Daniel Dolan of the New England Power Generators Association, a trade group representing power producers, said he was concerned the decision would change how the Federal Energy Regulatory Commission prices power produced from burning coal. carbon or manages positive incentives for renewable energy. He said that could make it more difficult to meet clean energy goals.

“If we start to see such a strict reading of individual laws by the courts – and here, obviously the Supreme Court, that could really limit the ability to more creatively use some of these markets to better align state priorities around clean energy or decarbonization,” Dolan said.

But Yeatman said he doesn’t believe the decision will affect much of the EPA’s work as a regulator. He said policies like the Clean Power Plan — the 2015 settlement that created the “cap-and-trade” carbon emissions caps the court referenced in its ruling — only happen once. or twice per presidential term.

Furthermore, Yeatman said, the court would only hand over to Congress regulations that meet certain criteria — they must be unprecedented, unusually expensive, something that Congress itself has already failed to pass or a regulation that might be considered “incidental” to the scope of a particular piece of legislation. The rest of the policies would remain under EPA jurisdiction.

“It’s really only a handful of times, especially in the environmental realm, that an agency like the EPA takes on so-called major regulation,” Yeatman said. “It’s not like the EPA releases these major rules every other day.”

Connecticut Attorney General William Tong today called in a statement to continue work toward clean energy development despite the court ruling.

“This is a serious setback, but we cannot lose sight of what is at stake and what is urgently needed to tackle the climate crisis.

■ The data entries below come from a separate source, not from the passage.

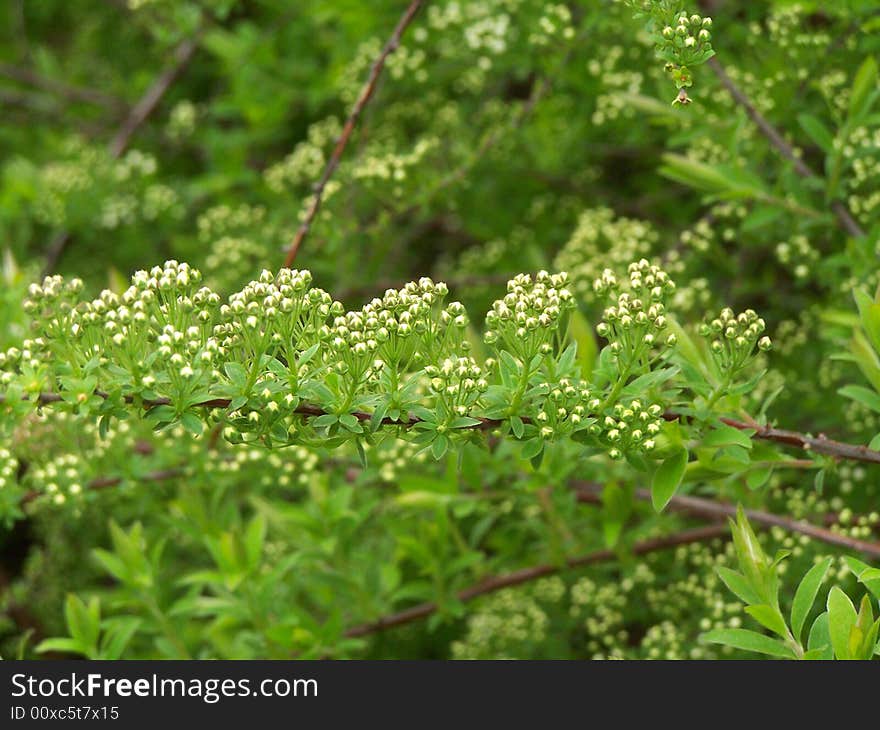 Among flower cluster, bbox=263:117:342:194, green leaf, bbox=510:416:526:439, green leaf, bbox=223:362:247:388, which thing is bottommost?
green leaf, bbox=510:416:526:439

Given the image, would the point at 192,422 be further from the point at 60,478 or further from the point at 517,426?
the point at 60,478

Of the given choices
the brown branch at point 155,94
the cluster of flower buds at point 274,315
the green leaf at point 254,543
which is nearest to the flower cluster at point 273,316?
the cluster of flower buds at point 274,315

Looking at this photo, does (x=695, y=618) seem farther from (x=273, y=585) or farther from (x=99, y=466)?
(x=99, y=466)

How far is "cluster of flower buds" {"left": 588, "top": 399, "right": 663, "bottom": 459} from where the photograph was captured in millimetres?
2242

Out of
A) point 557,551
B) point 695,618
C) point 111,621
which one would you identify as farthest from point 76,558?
point 695,618

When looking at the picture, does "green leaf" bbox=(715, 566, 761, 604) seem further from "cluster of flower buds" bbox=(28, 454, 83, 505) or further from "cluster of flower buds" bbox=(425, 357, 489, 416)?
"cluster of flower buds" bbox=(28, 454, 83, 505)

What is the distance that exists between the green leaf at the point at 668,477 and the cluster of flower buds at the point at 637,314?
0.26m

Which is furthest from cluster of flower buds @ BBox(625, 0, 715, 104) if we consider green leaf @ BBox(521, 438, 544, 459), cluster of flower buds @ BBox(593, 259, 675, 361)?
green leaf @ BBox(521, 438, 544, 459)

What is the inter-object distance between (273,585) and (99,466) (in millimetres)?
643

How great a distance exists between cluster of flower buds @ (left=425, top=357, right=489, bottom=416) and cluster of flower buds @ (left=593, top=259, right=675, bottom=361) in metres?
0.27

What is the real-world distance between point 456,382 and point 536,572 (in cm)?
152

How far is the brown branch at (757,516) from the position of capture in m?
2.84

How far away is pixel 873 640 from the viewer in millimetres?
2201

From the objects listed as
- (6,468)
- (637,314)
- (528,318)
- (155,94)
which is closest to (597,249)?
(637,314) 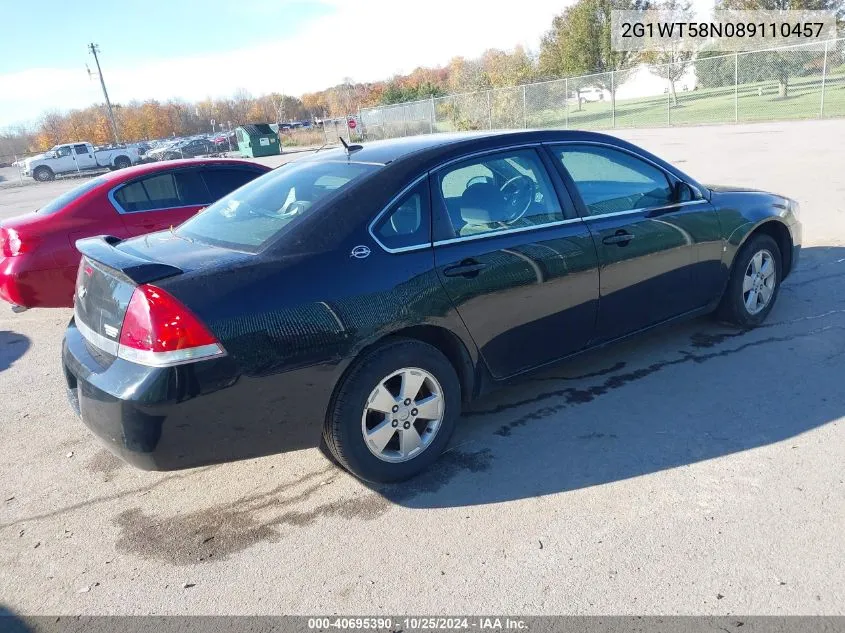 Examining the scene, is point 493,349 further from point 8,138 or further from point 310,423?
point 8,138

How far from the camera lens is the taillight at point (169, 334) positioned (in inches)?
104

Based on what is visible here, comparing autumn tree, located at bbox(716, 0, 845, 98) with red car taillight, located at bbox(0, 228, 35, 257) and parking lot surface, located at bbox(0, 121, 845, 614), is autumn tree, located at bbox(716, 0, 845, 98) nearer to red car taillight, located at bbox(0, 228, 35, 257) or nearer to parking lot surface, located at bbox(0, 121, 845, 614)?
parking lot surface, located at bbox(0, 121, 845, 614)

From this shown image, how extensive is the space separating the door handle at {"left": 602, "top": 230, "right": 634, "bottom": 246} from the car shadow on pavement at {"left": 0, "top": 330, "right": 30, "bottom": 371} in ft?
15.7

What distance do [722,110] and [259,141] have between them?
23.2 m

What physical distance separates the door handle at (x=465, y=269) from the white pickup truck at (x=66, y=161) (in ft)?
131

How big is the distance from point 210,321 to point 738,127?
892 inches

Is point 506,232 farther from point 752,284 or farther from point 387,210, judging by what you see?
point 752,284

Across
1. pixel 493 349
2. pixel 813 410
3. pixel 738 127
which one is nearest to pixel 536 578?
pixel 493 349

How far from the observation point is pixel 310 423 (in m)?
2.95

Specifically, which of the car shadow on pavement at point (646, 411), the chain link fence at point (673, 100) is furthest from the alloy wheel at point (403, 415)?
the chain link fence at point (673, 100)

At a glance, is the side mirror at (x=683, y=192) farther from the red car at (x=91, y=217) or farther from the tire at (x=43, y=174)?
the tire at (x=43, y=174)

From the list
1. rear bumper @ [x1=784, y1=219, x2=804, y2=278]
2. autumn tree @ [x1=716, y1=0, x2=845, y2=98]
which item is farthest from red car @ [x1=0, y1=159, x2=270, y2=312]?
autumn tree @ [x1=716, y1=0, x2=845, y2=98]

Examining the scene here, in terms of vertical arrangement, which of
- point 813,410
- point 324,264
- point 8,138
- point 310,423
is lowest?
point 813,410

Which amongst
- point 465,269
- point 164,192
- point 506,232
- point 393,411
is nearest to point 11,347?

Obsolete and expensive coal-fired power plants are causing enormous damage to our environment and our economy, and we cannot let this decision delay our transition to clean, renewable and truly affordable energy,” Tong said.

Both Yeatman and Reynolds said the decision would not affect states’ ability to create policy around environmental regulation.

“Generally speaking, when it comes to stationary sources like power plants, states have unlimited, unlimited power to do whatever they want,” Yeatman said.

Reynolds said the Supreme Court’s decision made it even more important for the state to exercise that power.

“What the states of Connecticut and New England and California can continue to do is be a model and lead the way and create the kinds of systems that have been struck down by the court in federal level today,” he said.